Tuesday, March 7, 2017

Community communications

There’s a thing that happens when you follow one of those blow-hard self-promoting “thought leader” dopes on Twitter: you get an auto-generated “thanks for following me” Direct Message, which includes links to their website, their LinkedIn profile, their PayPal account and whatever else they think they can get you to click on to feed their web analytics.

Back in my salad days of tweeting, I actually thought this was an attempt at reaching out, since reciprocity is the currency of social media. Boy, was I wrong. These entities (not sure they are all actually humanoids) are not the least bit interested in anything you have to say.
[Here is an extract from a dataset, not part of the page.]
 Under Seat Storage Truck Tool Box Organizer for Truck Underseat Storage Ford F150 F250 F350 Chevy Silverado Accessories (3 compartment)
They’re only interest is in pushing their (often system-generated) promos and platitudes into your timeline in hopes that you’ll retweet.
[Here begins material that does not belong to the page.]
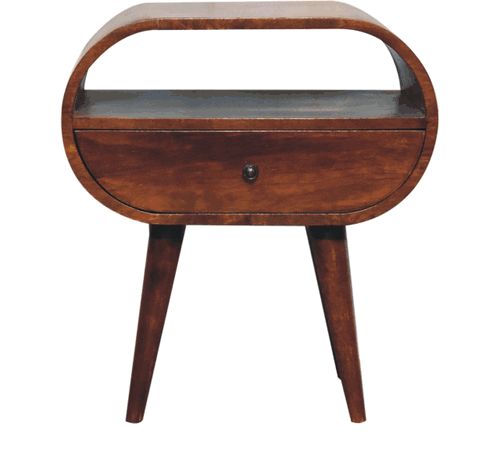 Artisan - Large Chestnut Circular Open Bedside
These days, when I get one of those DMs I immediately mute the moron—they see me as a “follower” and don’t know that I can no longer see their nonsense.

Here’s an example. I follow a lot of accounts engaged in the global support of science, research, innovation and the like. And people engaged in research or innovation often follow me on account of things I tweet. So when @GaryBridgeman followed me, and he didn’t seem to be a spammer, I followed him back. Almost immediately I received a notification from Twitter that he’d sent me a DM!

(Twitter always ends its notifications with an exclamation point.)

The truth, however, was less than exciting:


So I muted him and went on.
  
Then @EUSciComm followed me and I again clicked the follow button. And immediately another DM.


(Yes, okay—the guy did not stand out from the ocean of Twitter egos on the first pass, so my cursory skimming of his profile of the second iteration didn’t flag that he was the same guy I’d already muted and screen-capped his DM for posting here. I can be shallow too, you know.)

This time, old Gary set his bot to pick up my name and included it in the salutation. However, he once again stated that he pays no attention to anything I might have to say. In both instances he invites me to connect with him on LinkedIn to communicate. Yeah—that would be a negative, Gary.

Evidently he does not see the irony in talking about “creating a great community” when he can’t be bothered to either write a personal message or respond to DMs. This does not persuade me that a LinkedIn relationship would be worth the electrons holding it together.